Nothing but the text of the records should come back; copy it exactly and leave the pictures out.

▬▬▬▬▬▬

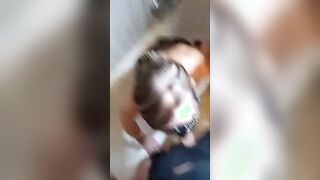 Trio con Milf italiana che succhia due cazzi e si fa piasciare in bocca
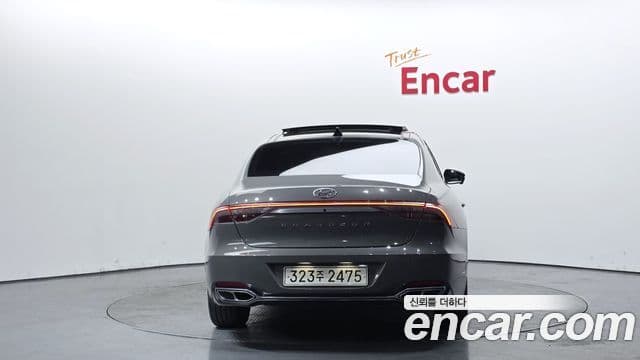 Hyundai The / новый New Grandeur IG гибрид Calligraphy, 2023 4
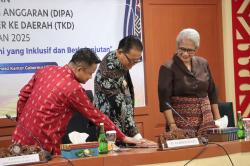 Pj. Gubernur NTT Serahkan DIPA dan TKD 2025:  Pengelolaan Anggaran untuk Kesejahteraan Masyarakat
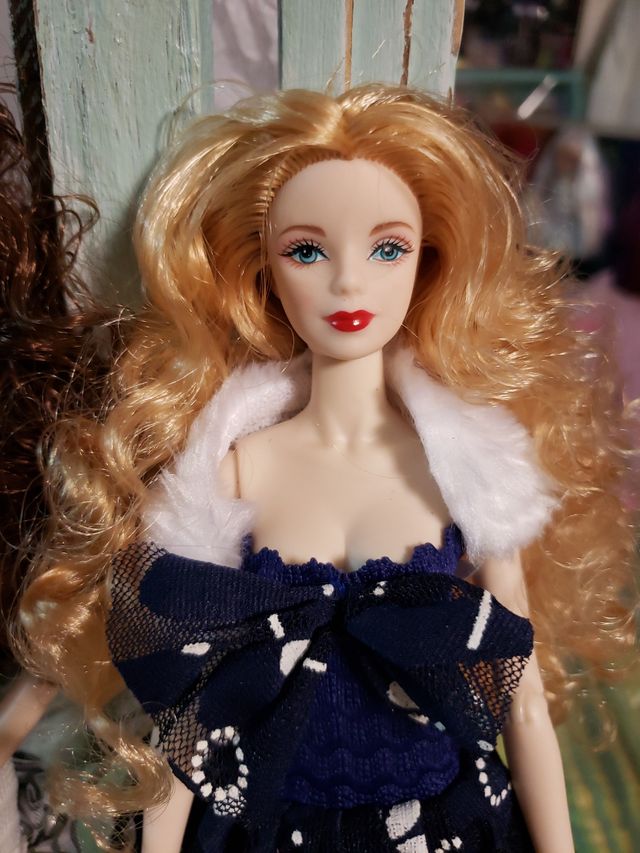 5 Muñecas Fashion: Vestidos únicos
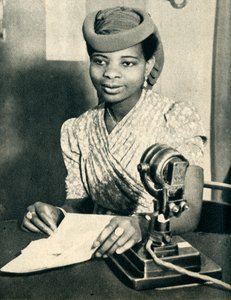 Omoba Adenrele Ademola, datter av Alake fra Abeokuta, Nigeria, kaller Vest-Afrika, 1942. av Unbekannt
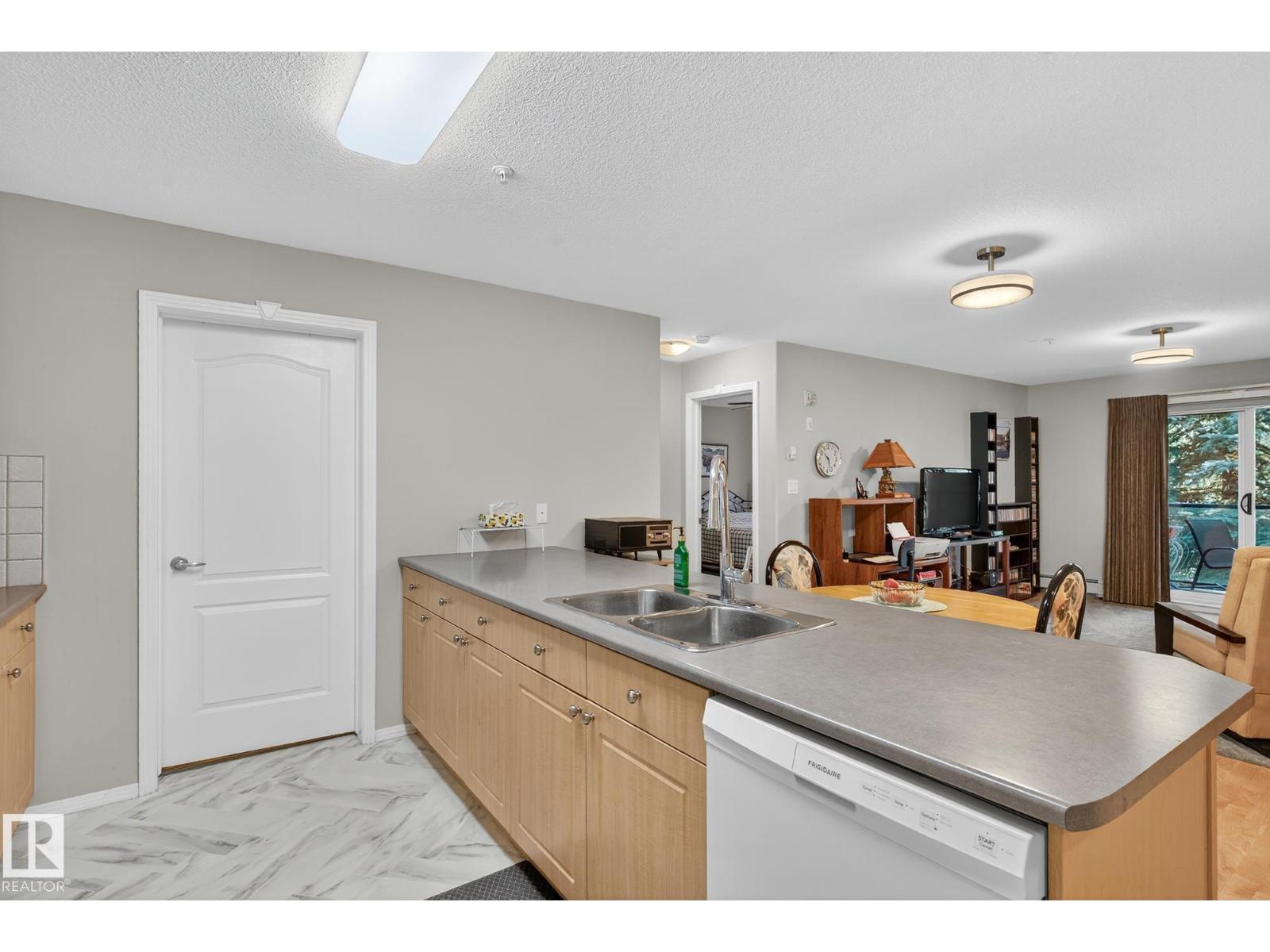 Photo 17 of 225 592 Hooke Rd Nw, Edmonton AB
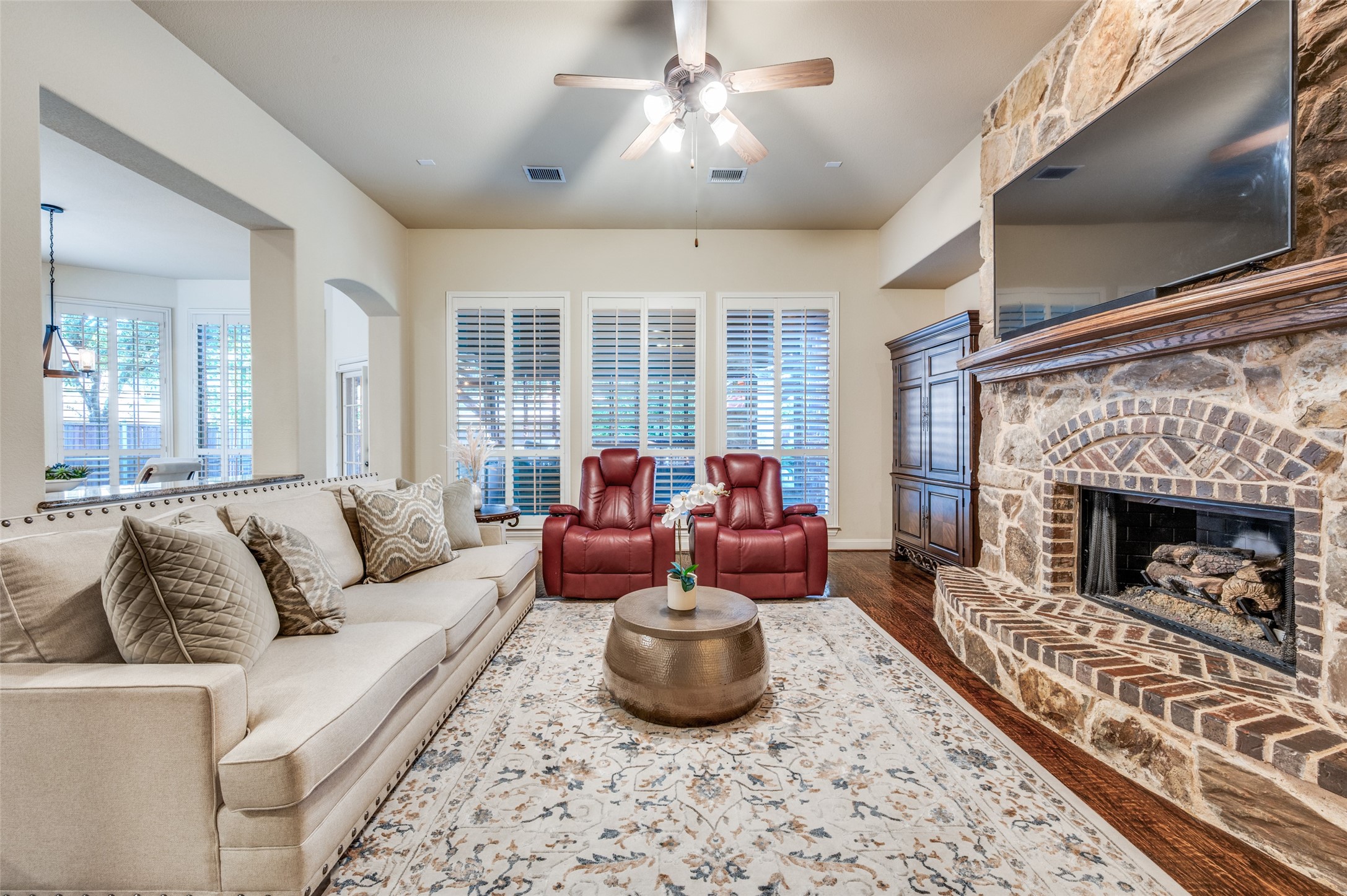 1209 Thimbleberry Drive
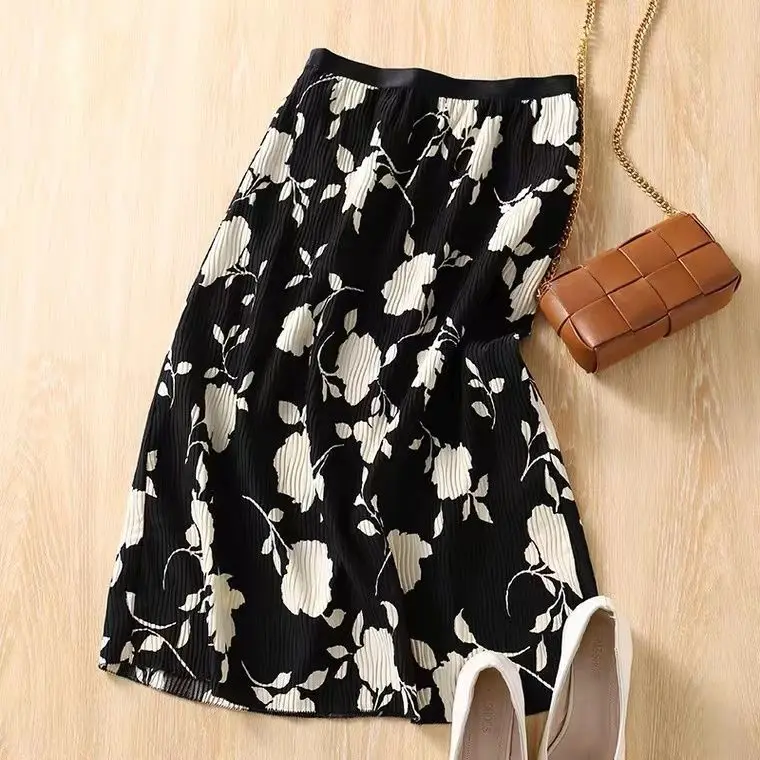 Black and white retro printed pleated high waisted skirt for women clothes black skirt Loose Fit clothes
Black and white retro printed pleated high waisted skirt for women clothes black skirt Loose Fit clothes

▬▬▬▬▬▬

▶ **Answer below**:
 Trio con Milf italiana che succhia due cazzi e si fa piasciare in bocca
 Hyundai The / новый New Grandeur IG гибрид Calligraphy, 2023 4
 Pj. Gubernur NTT Serahkan DIPA dan TKD 2025:  Pengelolaan Anggaran untuk Kesejahteraan Masyarakat
 5 Muñecas Fashion: Vestidos únicos
 Omoba Adenrele Ademola, datter av Alake fra Abeokuta, Nigeria, kaller Vest-Afrika, 1942. av Unbekannt
 Photo 17 of 225 592 Hooke Rd Nw, Edmonton AB
 1209 Thimbleberry Drive
 Black and white retro printed pleated high waisted skirt for women clothes black skirt Loose Fit clothes
Black and white retro printed pleated high waisted skirt for women clothes black skirt Loose Fit clothes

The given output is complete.